Print the data below verbatim, minus images.

(Short text fragments from websites)
════════════════════

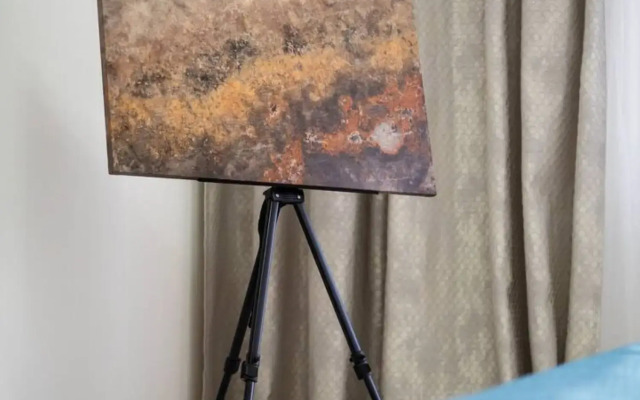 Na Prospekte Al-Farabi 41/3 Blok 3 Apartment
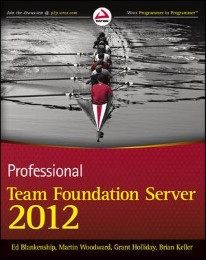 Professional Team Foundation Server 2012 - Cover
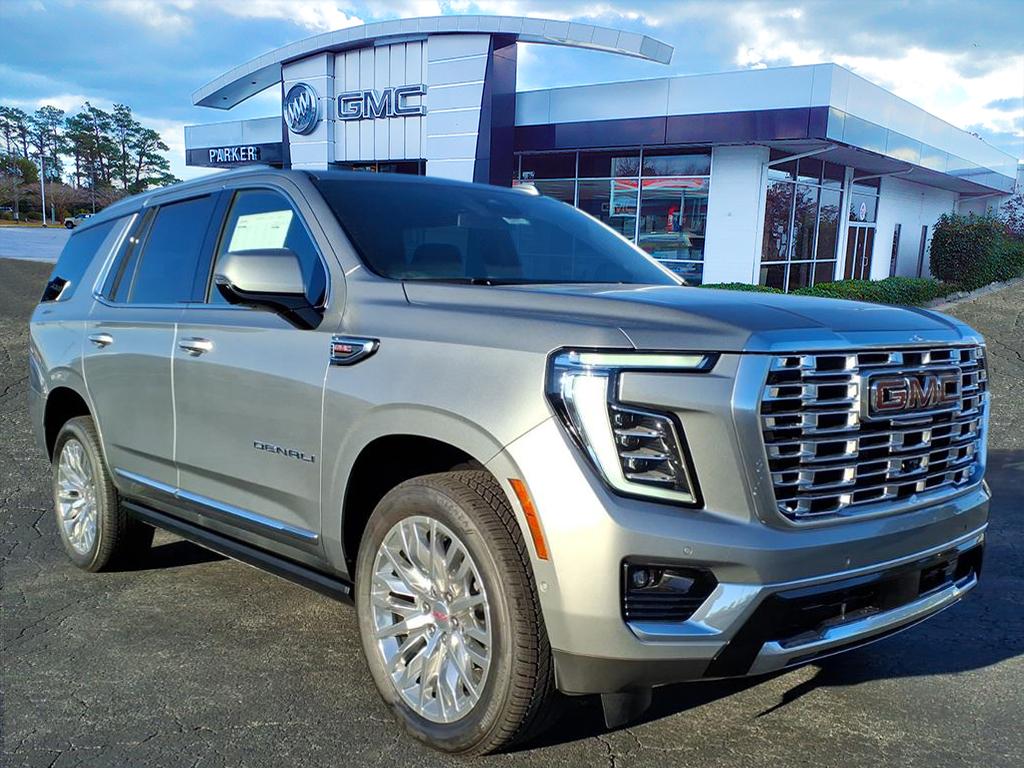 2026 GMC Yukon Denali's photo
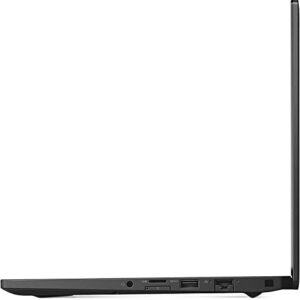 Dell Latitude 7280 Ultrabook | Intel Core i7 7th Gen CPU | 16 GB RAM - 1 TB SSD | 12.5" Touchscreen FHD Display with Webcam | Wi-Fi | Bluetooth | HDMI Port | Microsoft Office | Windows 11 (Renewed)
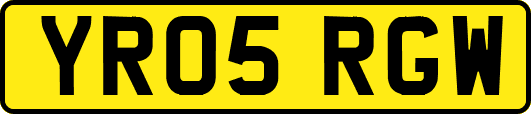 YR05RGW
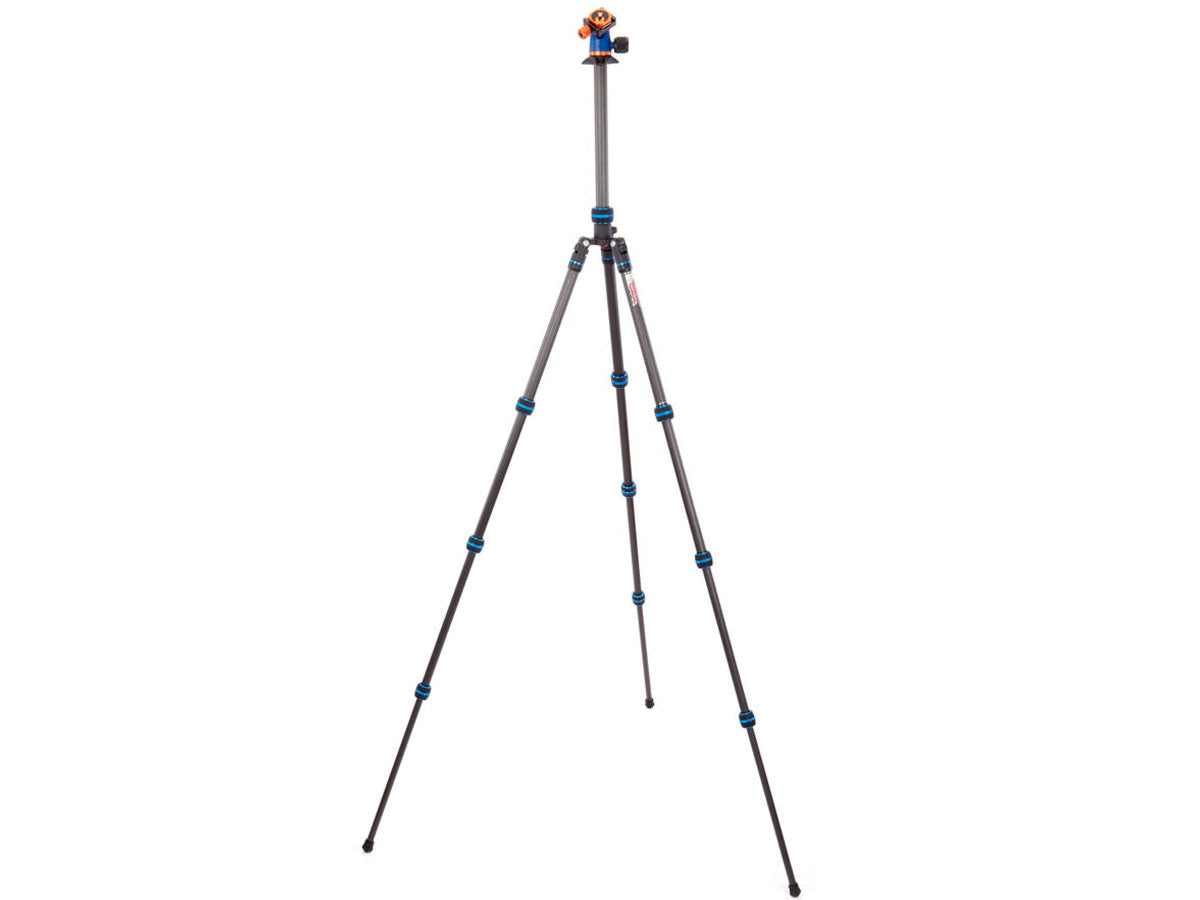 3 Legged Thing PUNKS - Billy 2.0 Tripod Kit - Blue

════════════════════

_Written response:_
 Na Prospekte Al-Farabi 41/3 Blok 3 Apartment
 Professional Team Foundation Server 2012 - Cover
 2026 GMC Yukon Denali's photo
 Dell Latitude 7280 Ultrabook | Intel Core i7 7th Gen CPU | 16 GB RAM - 1 TB SSD | 12.5" Touchscreen FHD Display with Webcam | Wi-Fi | Bluetooth | HDMI Port | Microsoft Office | Windows 11 (Renewed)
 YR05RGW
 3 Legged Thing PUNKS - Billy 2.0 Tripod Kit - Blue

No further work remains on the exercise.